Praktisi Hukum: DPRD Tak Bisa Hanya Menjadi Penonton
Seorang praktisi hukum senior di Jawa Timur yang enggan disebutkan namanya menyebut ini sebagai uji integritas DPRD Kabupaten Pasuruan.
“Jika DPRD tidak segera bertindak atas laporan LSM dan kegelisahan publik, maka publik patut bertanya: apakah fungsi pengawasan masih hidup, atau sudah lumpuh?” ujarnya tajam.
Ia juga menegaskan bahwa prinsip ultimum remedium tidak boleh menjadi jalan pintas untuk menyelamatkan pelanggar hukum. “Kalau hukum bisa dinegosiasikan di balik meja, untuk apa aparat penegak hukum diberi mandat?” lanjutnya.
Sementara itu, hingga berita ini ditayangkan, Bea Cukai Pasuruan belum memberi tanggapan resmi.

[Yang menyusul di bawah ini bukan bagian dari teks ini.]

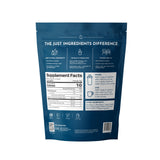 JUST INGREDIENTS Kids Nighttime Drink Mix packaging back view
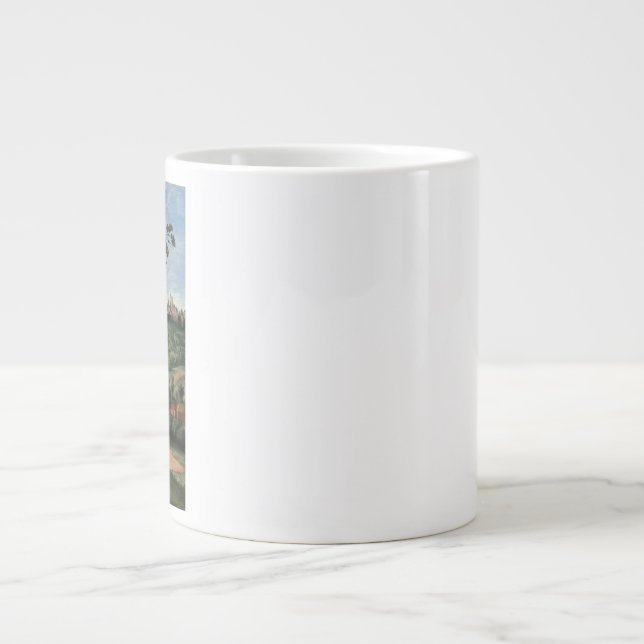 Saint Helena with the True Cross Sacred Art Large Coffee Mug (Front)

Humas Bea Cukai sebelumnya menyatakan surat LSM telah diterima dan sedang diproses, namun setelah surat kedua dikirim—yang secara eksplisit menyebut DPRD sebagai tujuan laporan—Bea Cukai masih memilih diam.
Diamnya lembaga negara di tengah derasnya desakan masyarakat sipil justru menambah kecurigaan: Apakah ultimum remedium sedang menjelma menjadi instrumen kompromi hukum yang dilegalkan?